Troubles, persecution and distractions are a description of “what” happens to some people who hear the word, but they do not really explain “why”. If bringing people into the kingdom is God’s work, why does he allow people to thwart his will? Why does God allow his word to be snatched away, withered or crowded out?

The “why” is found in the story itself and returns us to the parable’s implicit characterization of God.

God is like a farmer who sows seed knowing that not every single grain will bear fruit.

Imagine an ancient farmer standing at the edge of the recently cleared field. Even if the field had been used before, the common practice was to burn away whatever happened to be growing there when it came time to sow. The famer cannot see below the surface. Where is the soil shallow or compacted? Where are weeds and thorns just waiting to spring up again? It matters not. The famer reaches into the bag and casts the seed into the field, knowing that a portion of it will fall where it will produce a good crop, and another fraction will fall where it will never grow. Farmers don’t intentionally cast the seed into unfertile environments, but neither do they expect 100% of the seed to prove fruitful. They’re willing to waste a little to gather a lot. The purpose of sowing is reaping the harvest.

God is willing to “waste” some of his investment in people, knowing that not all his individual efforts will pay off in the long run. The day of harvest will come, and it will come whether you or I turn out to be fruitful recipients of the word or not.

And while the farmer’s “wasted” seed may be a relatively trivial matter (except to the famer), God’s unfruitful seeds costs him dearly. Jesus paid the price of “sore abuse and scorn” by those who proved unfruitful. He did it for the sake of those in whom the word would take root and flourish. He felt the sting of the lash and the blows of the hammer so that the fruitful seed might come to harvest.

You can’t reap if you don’t sow. God loves the world enough to waste his time and his energy, his sweat and his blood on those who may not turn to him or remain in him, for the sake of those who do.

Maybe Jesus’ attitude has something to tell the church today as it thinks about its life in the world.


The analogy of people’s hearts to a farmer’s field only goes so far. People are not soil. Their spiritual receptivity is not fixed in nature. Ultimately, people decide how they will receive Jesus’ offer of the gospel and let his word bear fruit in their lives.

When a seed lands on a rocky patch of ground, nothing is going to change that situation. Rocky ground is rocky ground. People, on the other hand, have hearts and minds that can change.

When the prophet Jonah cried out God’s message in the streets of Nineveh, “Forty days more, and Nineveh shall be overthrown,” the people repented and God averted the judgement he had decreed.

Similarly, people who hear Jesus’ words have an opportunity to change. Admittedly, this change cannot take place “without the grace of God preventing us” [i.e., going before us], but Jesus’ call to repentance affirms that change is possible.

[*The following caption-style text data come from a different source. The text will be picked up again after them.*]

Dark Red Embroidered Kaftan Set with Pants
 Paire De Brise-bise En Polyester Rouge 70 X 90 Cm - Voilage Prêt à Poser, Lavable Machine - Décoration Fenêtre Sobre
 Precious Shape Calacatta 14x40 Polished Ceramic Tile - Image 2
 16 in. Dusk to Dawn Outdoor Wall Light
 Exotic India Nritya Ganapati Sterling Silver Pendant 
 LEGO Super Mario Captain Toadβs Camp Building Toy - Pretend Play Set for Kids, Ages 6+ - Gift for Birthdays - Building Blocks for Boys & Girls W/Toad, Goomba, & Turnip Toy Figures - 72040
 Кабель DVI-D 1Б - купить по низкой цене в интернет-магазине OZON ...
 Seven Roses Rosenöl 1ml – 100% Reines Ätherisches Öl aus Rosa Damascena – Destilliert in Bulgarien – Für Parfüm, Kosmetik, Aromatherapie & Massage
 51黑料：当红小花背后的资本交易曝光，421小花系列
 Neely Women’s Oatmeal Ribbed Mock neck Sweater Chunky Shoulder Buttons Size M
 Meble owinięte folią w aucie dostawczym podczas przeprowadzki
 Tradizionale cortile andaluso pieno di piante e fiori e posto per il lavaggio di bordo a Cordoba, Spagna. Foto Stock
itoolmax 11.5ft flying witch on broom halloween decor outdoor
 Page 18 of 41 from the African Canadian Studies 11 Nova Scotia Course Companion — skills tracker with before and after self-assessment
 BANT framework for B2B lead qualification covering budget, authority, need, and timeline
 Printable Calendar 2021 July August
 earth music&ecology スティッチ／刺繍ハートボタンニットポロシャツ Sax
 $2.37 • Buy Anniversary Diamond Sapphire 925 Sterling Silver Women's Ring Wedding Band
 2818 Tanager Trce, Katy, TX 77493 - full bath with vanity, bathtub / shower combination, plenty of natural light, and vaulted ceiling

Perhaps they had previously been those who paid no attention to Jesus or his story. Or perhaps they saw their faith suddenly crushed or dying a slow death. Jesus’ parable opens the door for non-believers to let the kingdom take root in their lives and it encourages believers to put down deeper roots in Christ. It challenges all Christians to cut away all the weeds that crowd out their love for Jesus and to be courageous in the presence of those who oppose him.

For those who have ears to hear, the parable causes them to ask, “What kind of ground am I? How have I received the word into my life.” And if it’s not in a manner that lets God bring his harvest to fruition, maybe with God’s help I can do something about that. After all, God placed the seed of his word in my heart to produce a harvest of righteousness, not so that the seed should wither and die.